Welcome to OGeek Q&A Community for programmer and developer-Open, Learning and Share
Welcome To Ask or Share your Answers For Others

Categories

0 votes
632 views
in Technique[技术] by (71.8m points)

testing - R ggplot2 - perform pairwise tests per pair in a facet and show the p-values with ggsignif

Following up on this question I posted some days ago, I want to perform something similar.

Given the following MWE:

##############################
##MWE
library(ggplot2)
library(ggsignif)

set.seed(1)
alpha.subA <- data.frame(Sample.ID=paste(sample(LETTERS, 163, replace=TRUE), sample(1:1000, 163, replace=FALSE), sep=''),
                   Group=c(rep('C',10),rep('FH',10),rep('I',19),rep('IF',42),rep('NA',14),rep('NF',42),rep('NI',15),rep('NS',10),rep('PGMC4',1)),
                   Value=rnorm(n=163))
alpha.subA$DB <- "DATABASE1"
set.seed(2)
alpha.subB <- data.frame(Sample.ID=paste(sample(LETTERS, 163, replace=TRUE), sample(1:1000, 163, replace=FALSE), sep=''),
                   Group=c(rep('C',10),rep('FH',10),rep('I',19),rep('IF',42),rep('NA',14),rep('NF',42),rep('NI',15),rep('NS',10),rep('PGMC4',1)),
                   Value=rnorm(n=163))
alpha.subB$DB <- "DATABASE2"
alpha.sub <- rbind(alpha.subA, alpha.subB)

alpha.sub$DB <- as.factor(alpha.sub$DB)
alpha.sub$both <- factor(paste(alpha.sub$Group, alpha.sub$DB), levels=paste(rep(levels(alpha.sub$Group), each=length(levels(alpha.sub$DB))), rep(levels(alpha.sub$DB), length(levels(alpha.sub$Group)))))

png(filename="test.png", height=1000, width=2000)
print(#or ggsave()
  ggplot(alpha.sub, aes(x=both, y=Value, fill=Group)) + geom_boxplot() +
    facet_grid(~Group, scales="free", space="free_x") +
    stat_summary(fun.y=mean, geom="point", shape=5, size=4)
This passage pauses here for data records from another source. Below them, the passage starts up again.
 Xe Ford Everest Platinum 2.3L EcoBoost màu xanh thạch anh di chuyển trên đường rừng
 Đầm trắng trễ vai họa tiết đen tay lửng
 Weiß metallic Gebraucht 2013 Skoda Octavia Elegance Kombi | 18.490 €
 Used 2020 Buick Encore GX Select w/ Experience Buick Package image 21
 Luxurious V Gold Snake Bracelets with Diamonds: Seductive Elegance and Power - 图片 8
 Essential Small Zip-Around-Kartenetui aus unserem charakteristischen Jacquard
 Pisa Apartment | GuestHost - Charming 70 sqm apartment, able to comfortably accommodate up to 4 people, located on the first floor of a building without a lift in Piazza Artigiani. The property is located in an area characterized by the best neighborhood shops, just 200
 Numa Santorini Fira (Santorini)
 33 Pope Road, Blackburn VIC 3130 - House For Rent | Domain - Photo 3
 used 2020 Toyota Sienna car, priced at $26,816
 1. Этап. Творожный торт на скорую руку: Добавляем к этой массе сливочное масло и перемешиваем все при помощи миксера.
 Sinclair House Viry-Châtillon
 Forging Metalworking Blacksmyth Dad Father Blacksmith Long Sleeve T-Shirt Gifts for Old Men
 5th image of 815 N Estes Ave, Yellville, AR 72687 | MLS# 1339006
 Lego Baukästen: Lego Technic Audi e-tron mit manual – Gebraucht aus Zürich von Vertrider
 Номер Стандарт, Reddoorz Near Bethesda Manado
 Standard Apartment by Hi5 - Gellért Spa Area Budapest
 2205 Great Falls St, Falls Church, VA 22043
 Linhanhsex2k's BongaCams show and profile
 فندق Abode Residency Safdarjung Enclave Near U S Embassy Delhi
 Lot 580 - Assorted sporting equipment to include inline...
    # + geom_signif() ##HOW TO TEST EACH PAIR IN EACH FACET (DATABASE1 vs DATABASE2 PER GROUP)?
)
dev.off()
##############################

which produces:

test

I would like to make use of ggsignif's geom_signif() to compare DATABASE1 to DATABASE2 per Group (each pair in a facet) and show the significance level (* for p-value<0.05, ** for p-value<0.01) for each pairwise comparison.

Any help would be greatly appreciated. Thanks!!

EDIT!

I have managed to place the significance levels properly, but the moment I add facets, everything crumbles...

See my new MWE

##MWE
library(ggplot2)
library(ggsignif)
library(tidyverse)
library(broom)

set.seed(1)
alpha.subA <- data.frame(Sample.ID=paste(sample(LETTERS, 163, replace=TRUE), sample(1:1000, 163, replace=FALSE), sep=''),
                   Group=c(rep('C',10),rep('FH',10),rep('I',19),rep('IF',42),rep('NA',14),rep('NF',42),rep('NI',15),rep('NS',10),rep('PGMC4',1)),
                   Value=rnorm(n=163, mean=2.3, sd=0.45))
alpha.subA$DB <- "DATABASE1"
alpha.subB <- data.frame(Sample.ID=paste(sample(LETTERS, 163, replace=TRUE), sample(1:1000, 163, replace=FALSE), sep=''),
                   Group=c(rep('C',10),rep('FH',10),rep('I',19),rep('IF',42),rep('NA',14),rep('NF',42),rep('NI',15),rep('NS',10),rep('PGMC4',1)),
                   Value=rnorm(n=163, mean=2, sd=0.5))
alpha.subB$DB <- "DATABASE2"
alpha.sub <- rbind(alpha.subA, alpha.subB)

alpha.sub$DB <- as.factor(alpha.sub$DB)
alpha.sub$both <- factor(paste(alpha.sub$Group, alpha.sub$DB), levels=paste(rep(levels(alpha.sub$Group), each=length(levels(alpha.sub$DB))), rep(levels(alpha.sub$DB), length(levels(alpha.sub$Group)))))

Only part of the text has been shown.